Do you think it's likely that these kinds of things come about because there's varity in the myriad of jurisdictions in America or that there are monied interests who stand to benefit from it?
Like to put it another way how much of this is 'We must do it this way because Americans are simply built different and we're just special' vs 'this makes a handful of people a bunch of money and they have teams of lobbyists, marketers, and lawyers to normalize this kind of stuff in society over time'?
It's probably a bit of both from what I've seen of how Americans tend to react to their government doing things (online anyways).
The US's quagmire of incoherent laws and many jurisdictions seems to be a bad combination of:
* Apathetic voters that are raised on a media diet of "big government bad", which impedes any regulations on a federal level. (Note that this is irrespective on if the voters actually want a small government, it's what they're led to believe.)
* Politicians that don't like to give up power; there's an unusual desire for local/state US officials to claim responsibility and get very pissy when the federal government steps in with a standardized solution.
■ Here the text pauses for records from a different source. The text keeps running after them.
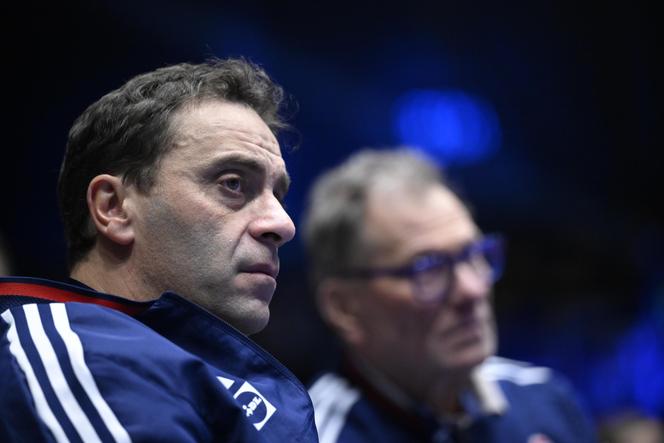 Euro féminin de handball : Sébastien Gardillou, nouveau capitaine du bateau bleu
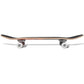 Ovaal Skateboard Met Graffiti Design 9-Laags Esdoorn Hout 8&quot;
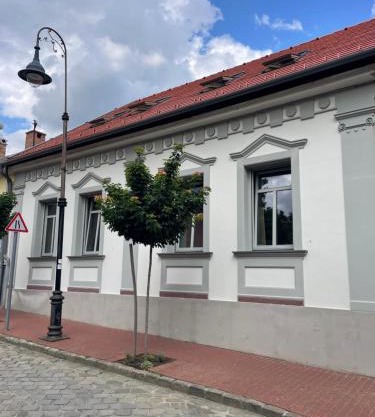Jancsó Apartman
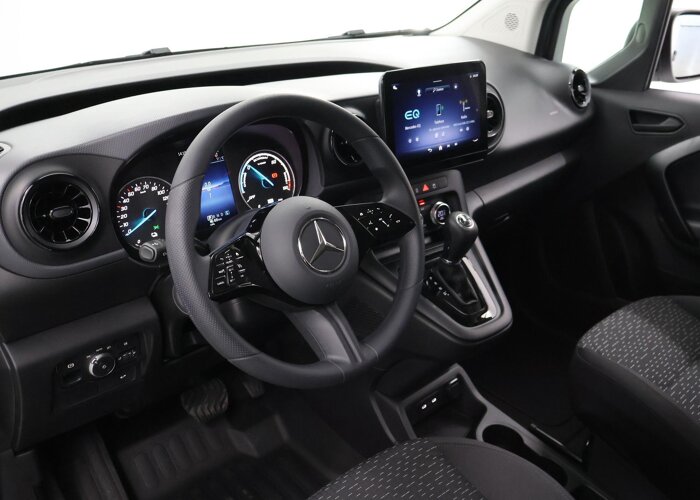 Mercedes-Benz eCitan 112 GB L2 51kWh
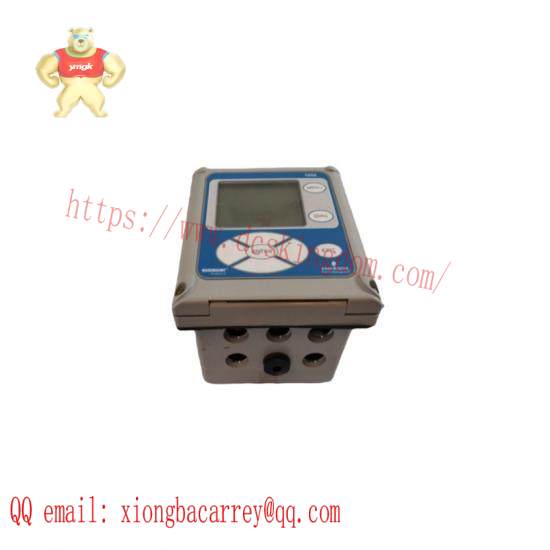 rosemount_1056-01-22-38-an_analyzer.jpg Rosemount 1056-01-22-38-AN Gas Analyzer, Designed for Precision Monitoring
This is very unusual compared to other countries; punting responsibilities to local officials in other countries is generally seen as a way for politicians to abdicate responsibility by letting it die in micromanagement and overworked administrative workers and isn't popular to do anymore these days. (This is also a two way street, where federal US lawmakers can abdicate making any legislation that isn't extremely popular by just punting it down to the states, even if they have legal majorities.)
* The US has a court system that overly favors case law rather than actual law. Laws in the US are permitted to be painfully underdefined since there's an assumption that the courts will work out all the finer details. It's an old system more designed around the days of bad infrastructure across large distances (like well, the British Empire, which it's copied from). It's meant to empower the judicial branch to be able to make the snap decision even if there's not directly a law on the books (yet) or if a law hasn't actually reached the judiciary in question. The result is that you end up with a bunch of different judiciaries, each with their own slightly different rules. It also encourages other bad behavior like jurisdiction shopping where people will try to find the judiciary most favorable to them, crafting "the perfect case" to get a case law on the books the way you want it to get judges to override similar cases and so on and so forth - in other countries, what the supreme court judges doesn't have nearly the same lasting impact that a decision in the US has.
* And finally, the entire system is effectively kept stuck in place because lobbyists like it this way; if they want to kill regulation, they just get some states to pass on it and then hem and haw at the notion of a federal regulation. Politicians keep it in place on their own, lobbyists provide them the grease/excuse to keep doing it. (And those lobbyists these days also have increasing amounts of ownership over the US media, so the rethoric about voters not liking big government regulations is reinforced by them as well.)
It didn't end up this way on purpose; the historical reasons for this are mostly untied from lobby interests (which is mostly just "the US is the size of a continent in width", "states didn't actually work together that much at first" and "the US copied shit from the British Empire"), but they're kept this way by lobby interests.